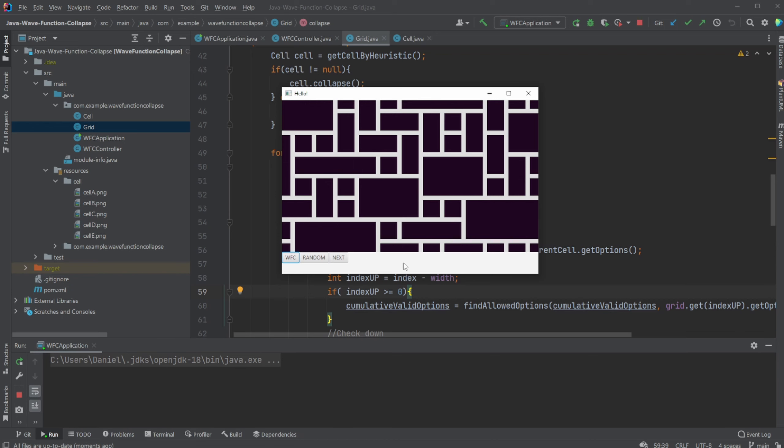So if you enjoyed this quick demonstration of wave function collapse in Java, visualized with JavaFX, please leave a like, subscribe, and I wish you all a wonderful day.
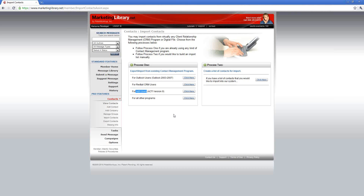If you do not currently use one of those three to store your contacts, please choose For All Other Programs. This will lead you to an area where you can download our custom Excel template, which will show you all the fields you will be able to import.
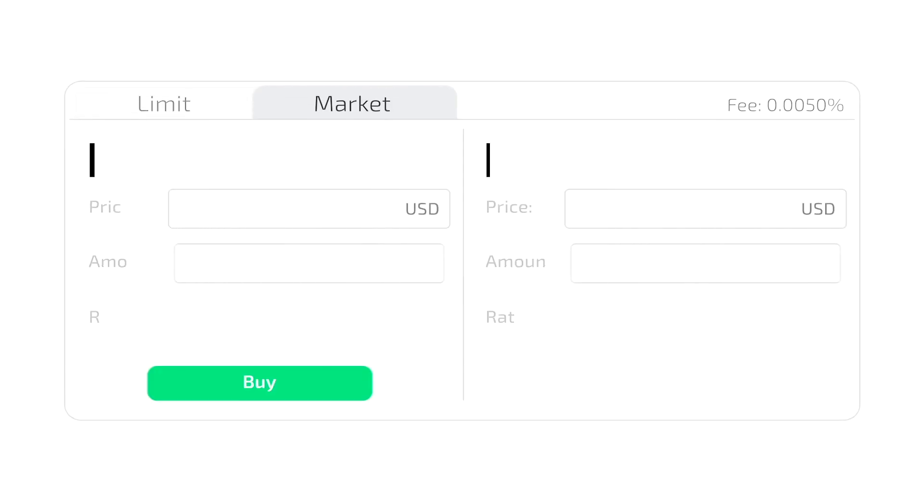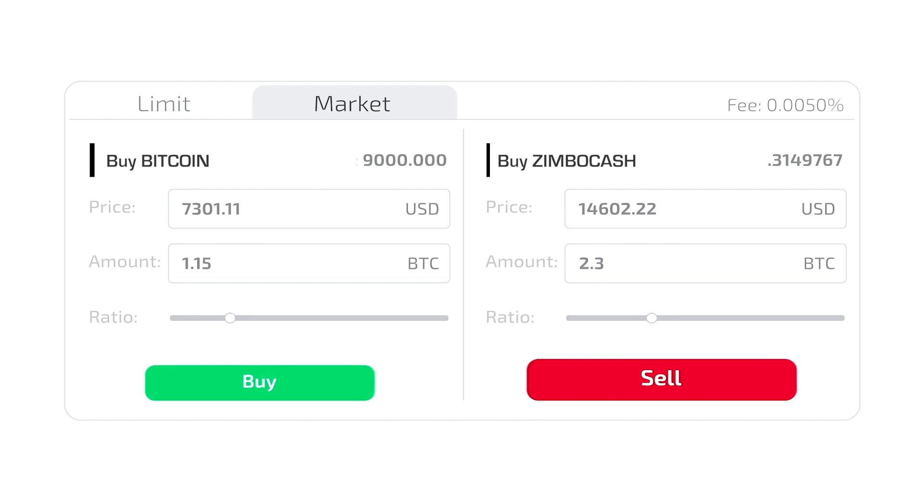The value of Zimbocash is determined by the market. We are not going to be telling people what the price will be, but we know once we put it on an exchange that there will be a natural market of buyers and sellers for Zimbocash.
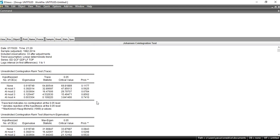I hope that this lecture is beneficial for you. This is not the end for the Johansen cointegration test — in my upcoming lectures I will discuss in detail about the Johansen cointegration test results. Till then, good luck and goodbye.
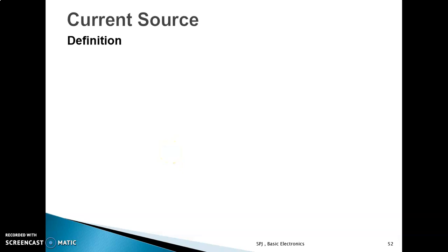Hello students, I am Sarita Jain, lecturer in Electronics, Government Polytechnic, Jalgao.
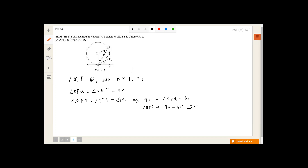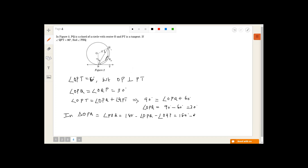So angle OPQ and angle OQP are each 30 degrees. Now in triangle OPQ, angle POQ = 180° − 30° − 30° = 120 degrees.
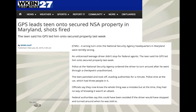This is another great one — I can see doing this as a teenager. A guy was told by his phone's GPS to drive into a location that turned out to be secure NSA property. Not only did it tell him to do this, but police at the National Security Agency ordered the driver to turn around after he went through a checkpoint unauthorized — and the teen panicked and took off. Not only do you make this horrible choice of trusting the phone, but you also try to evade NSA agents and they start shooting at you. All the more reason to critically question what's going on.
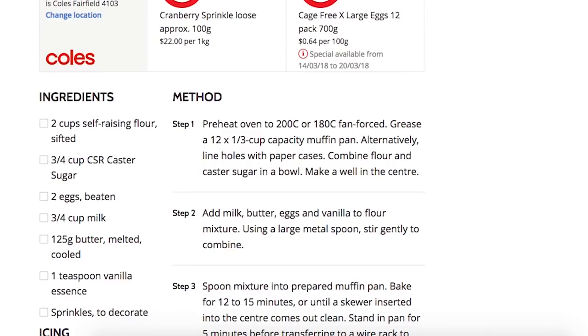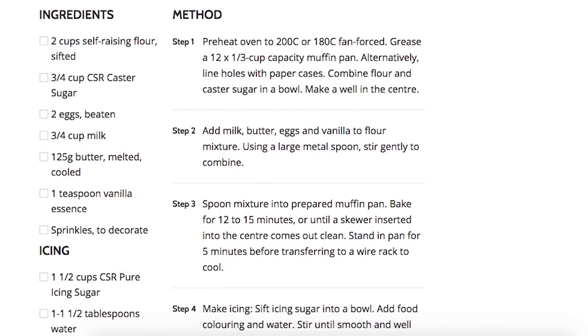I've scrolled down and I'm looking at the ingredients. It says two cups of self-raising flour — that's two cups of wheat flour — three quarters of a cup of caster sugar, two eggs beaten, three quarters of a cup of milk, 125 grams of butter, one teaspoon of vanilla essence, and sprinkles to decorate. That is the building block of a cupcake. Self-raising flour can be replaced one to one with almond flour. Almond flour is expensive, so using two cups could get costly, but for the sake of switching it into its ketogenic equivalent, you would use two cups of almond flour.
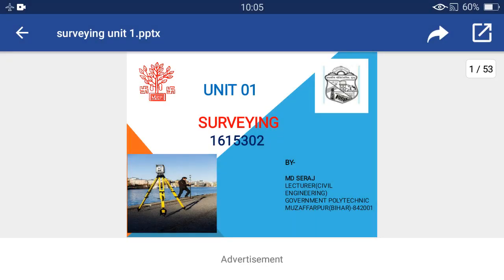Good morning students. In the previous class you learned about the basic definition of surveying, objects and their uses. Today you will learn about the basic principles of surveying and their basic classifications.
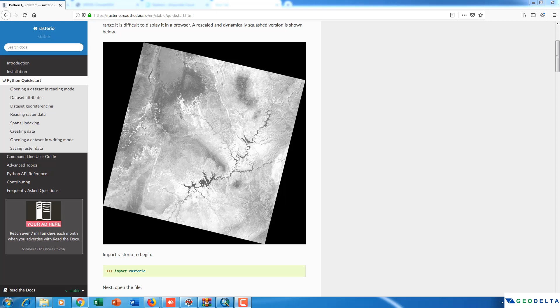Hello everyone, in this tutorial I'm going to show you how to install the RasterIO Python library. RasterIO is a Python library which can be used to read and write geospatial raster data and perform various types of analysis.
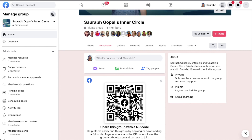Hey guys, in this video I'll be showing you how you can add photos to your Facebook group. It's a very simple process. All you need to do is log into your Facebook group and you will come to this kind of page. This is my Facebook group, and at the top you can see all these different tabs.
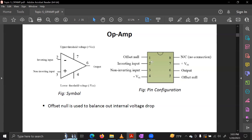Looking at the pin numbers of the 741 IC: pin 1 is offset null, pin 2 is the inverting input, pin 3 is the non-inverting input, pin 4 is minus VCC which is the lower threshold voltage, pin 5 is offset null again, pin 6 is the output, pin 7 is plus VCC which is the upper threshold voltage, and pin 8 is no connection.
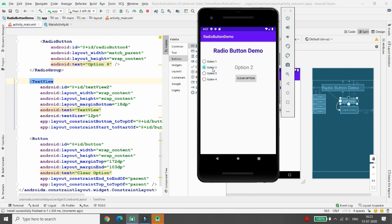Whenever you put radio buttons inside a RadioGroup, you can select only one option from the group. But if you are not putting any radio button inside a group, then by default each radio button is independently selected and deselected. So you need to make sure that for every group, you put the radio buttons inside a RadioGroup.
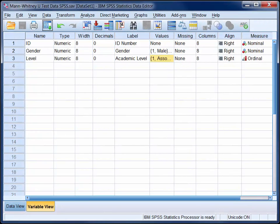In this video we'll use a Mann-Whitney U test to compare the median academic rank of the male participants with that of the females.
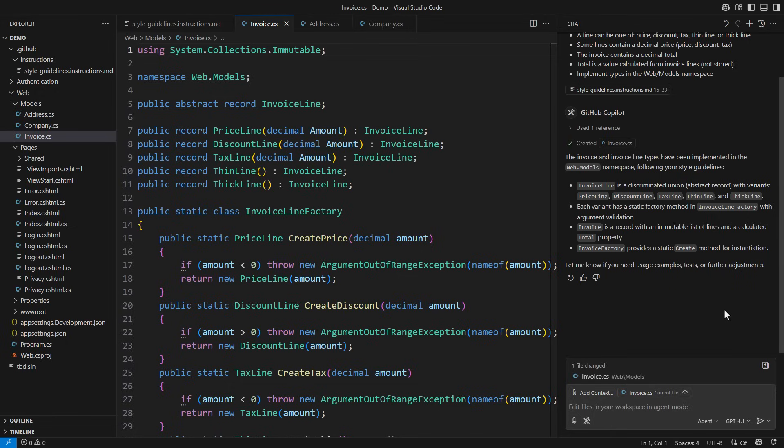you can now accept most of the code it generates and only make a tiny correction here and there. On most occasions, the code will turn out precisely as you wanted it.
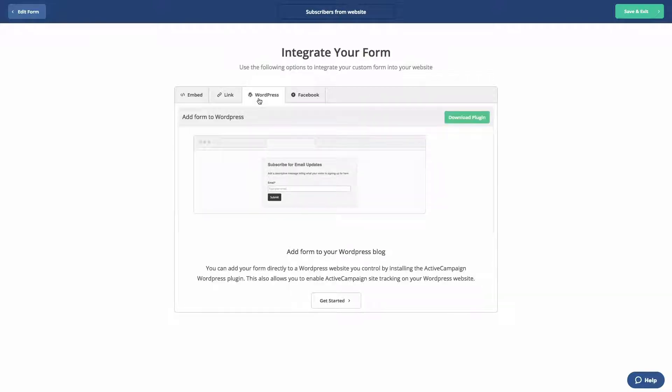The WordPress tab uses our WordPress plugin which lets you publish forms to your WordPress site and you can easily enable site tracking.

--------

Work to complete: Give again, word for word, the lines above from the first one through the one containing "If you do not"; no pictures.

Response:
So if you enjoyed this quick demonstration of wave function collapse in Java, visualized with JavaFX, please leave a like, subscribe, and I wish you all a wonderful day.
If you do not currently use one of those three to store your contacts, please choose For All Other Programs. This will lead you to an area where you can download our custom Excel template, which will show you all the fields you will be able to import.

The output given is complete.